5 reasons why you should move to Scarborough
PUBLISHED: 08:59 06 August 2019 | UPDATED: 09:00 06 August 2019
© Tony Bartholomew
Neighbourhood know-how, places and people
Scarborough boasts one of the most spectacular and beloved coastal locations in the country, with two sweeping bays, each with its own distinct personality (glitz and amusement arcades in the South Bay; more tranquil and nostalgic in the North Bay), either side of a headland dramatically topped by the ruins of a 12th-century castle. And it's surrounded by (and just minutes from) three very different and remarkable landscapes - the wilds of the North York Moors to the north; the rural idyll of the Vale of Pickering due west; and the gently undulating chalk downs of the Wolds heading south. Scarborough's a 45-minute train journey from one of the country's busiest and most historic stations, York, with hourly trains between the two. They're similarly frequent from Hull, although that journey takes a little longer - anything from 75 to nearly 90 minutes. And no thanks to Dr Beeching for cutting the line from Whitby to Scarborough back in the '60s - you'll need to make that journey by bus or car. Anyone travelling to Scarborough by road regularly will attest that the three main routes (the A64 from York, the A165 from Hull, and the A171 from Whitby) can be frustratingly slow if you get stuck behind a tractor or caravan.
Bag a property
Property is still very affordable, with solid little Victorian terraces going for considerably less than £150,000, while flats on the South Cliff, with probably the best sea views locally (or indeed anywhere else) can still squeak in under £200,000. The winding streets and Georgian architecture of the Old Town, behind the Harbour, make it popular - although parking can be, let's say challenging, in the summer. If you've cash to splash, check out picture-perfect Scalby on the town's northern border.
Where to start? Scarborough has a remarkable history - the castle which looms over the town has passed through many hands, including, in the English Civil War, both Roundheads and Royalists; the extraordinary circular Rotunda Museum was built and run in the 1820s by a globally important intelligentsia including the 'father of English geology', William Smith; and the town has been inspiration to many artists including Pre-Raphaelites Rossetti and Burne-Jones, whose work can be seen in the glorious church St Martin-on-the-Hill, and the master of moonlight, Atkinson Grimshaw - see examples of his work at Scarborough Art Gallery.
Café & cocktails
There are many great places to eat and drink in Scarborough, and space is limited, so here's a whistlestop tour of personal favourites: Eat Me Café - warm and welcoming, effortlessly cool, wide-ranging menu from burgers to donburi (plus those cocktails); Pomodoro - good pizza, often full of Italian diners (always a good sign); La Lanterna Ristorante - magnificent internationally-acclaimed northern Italian cuisine (but chef Giorgio Alessio is looking to retire, so hurry!); The Plough - great game and more from chef Jon Smith; Crema e Cioccolato - superb Italian gelato with some truly unusual flavours (tiramisu, fig and ricotta); Lookout on the Pier for superb eat-in fish and chips; North Bay Fisheries for takeout; Yay! Coffee, Greensmith's, the Seastrand and Café Italia for seriously good coffee. Just out of town Wrea Head Hall is a gorgeous spot for afternoon tea or fine dining with a sense of occasion.
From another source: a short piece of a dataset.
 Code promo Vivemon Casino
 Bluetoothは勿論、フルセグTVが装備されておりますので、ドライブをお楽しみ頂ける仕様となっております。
Homebird House is a magnet for local interiors buffs, and great for unusual gifts - and nothing is too much trouble for owner Alex Anderson. It's opposite the main entrance to Scarborough's recently refurbished Market Hall full of tiny independents. Blandscliff Gallery and Studio is a hive of arty activity. Wander down Bar Street for offbeat offerings including unusual gifts at Rafferty's and The Amber Room and - it had to happen - a cat-and-steampunk-themed café, Steampuss.